The approximate number from your calculations is now your retirement goal: how much you need to live your retirement to the fullest.
2: Start Saving
The average retirement age is between 60 and 65. From the moment when you start planning, up until you retire, you need to start saving money so that it can fund your retirement. This is why it is better to start your retirement planning when you are younger as it means you need to save less per year (or on the flipside, it also gives the opportunity to gather more money for your retirement, allowing you to possibly increase your retirement income goals).

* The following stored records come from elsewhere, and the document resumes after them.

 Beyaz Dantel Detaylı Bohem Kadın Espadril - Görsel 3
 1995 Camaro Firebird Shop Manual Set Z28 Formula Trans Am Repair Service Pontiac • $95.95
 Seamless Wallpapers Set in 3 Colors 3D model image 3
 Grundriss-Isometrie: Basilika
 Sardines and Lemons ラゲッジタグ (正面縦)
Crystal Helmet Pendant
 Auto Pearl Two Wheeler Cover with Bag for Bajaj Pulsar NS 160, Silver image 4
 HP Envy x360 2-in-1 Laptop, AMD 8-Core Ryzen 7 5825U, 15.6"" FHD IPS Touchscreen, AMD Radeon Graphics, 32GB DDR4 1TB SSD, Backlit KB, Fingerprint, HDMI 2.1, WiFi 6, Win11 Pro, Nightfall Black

While it is not common in Nigeria, some companies will help with saving for retirement through a pension plan. A pension plan is a retirement account where you will contribute 8% or more of your salary and the company will contribute an extra 10% of your salary to this account, so you may use it when you retire. If your company does not offer such plans, try to suggest for one to be put in place.
3: Start Investing
There is always the danger that no matter how much you save, it will not be enough to fuel the life you hope to live during your retirement. After all, unforeseen events like emergencies or currency inflation could affect your savings in a way you did not see coming. That is why you also need another source of income as well as your savings, so that you can add to your stockpile of funds. A valid option that some people take is seeking part time work, but if working during your retirement is not for you, that is where investments come in. Try to invest in different promising options to diversify your portfolio, increasing the likelihood of profitable returns.
4: Hire A Retirement Partner
Retirement planning is a complex process which will affect your life when you are financially at your most vulnerable. Any mistake made could have dire consequences for you and those who rely on you. That is why the best course of action is to not plan your retirement alone and choose a retirement partner who can help you fund that chapter in your life.

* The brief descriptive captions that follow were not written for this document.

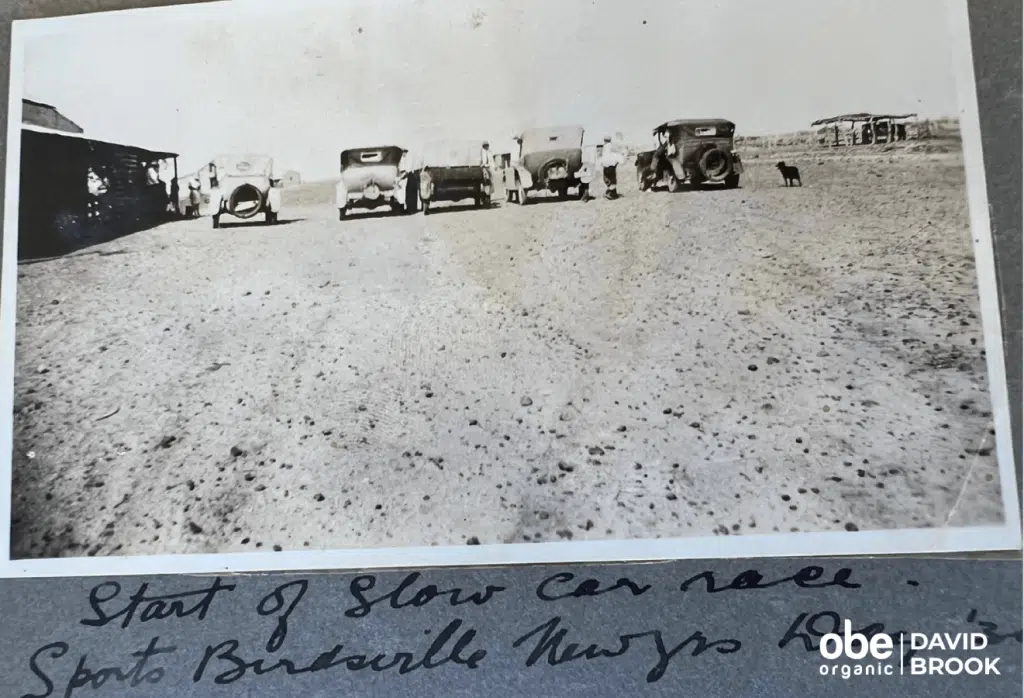 Start of the slow car race, Birdsville 1930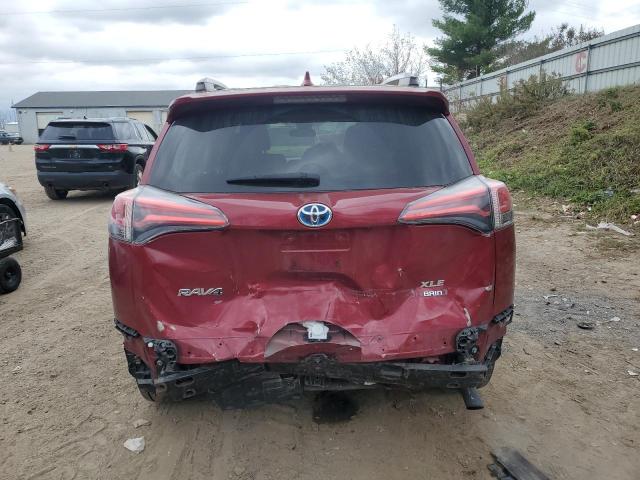 JTMRJREV0JD195718 - 2018 TOYOTA RAV4 HV LE Qırmızı foto 6
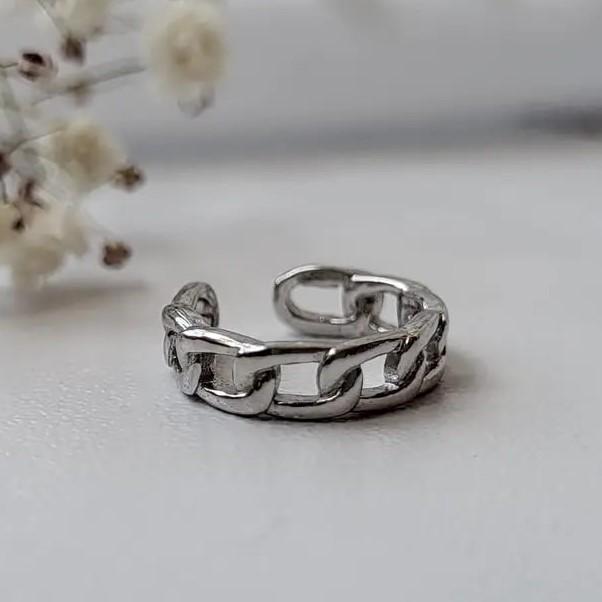 Сережки зі срібла кафи без каміння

There are excellent financial services partner you can hire to help you plan for your retirement. With profound knowledge and understanding of both domestic and international financial markets, they use a squad of extensively skilled portfolio managers, acclaimed research analysts, prudent risk management approaches to achieve optimal returns for their clients while adeptly handling risk.
It’s very important to always carry out due diligence when choosing a financial service partner.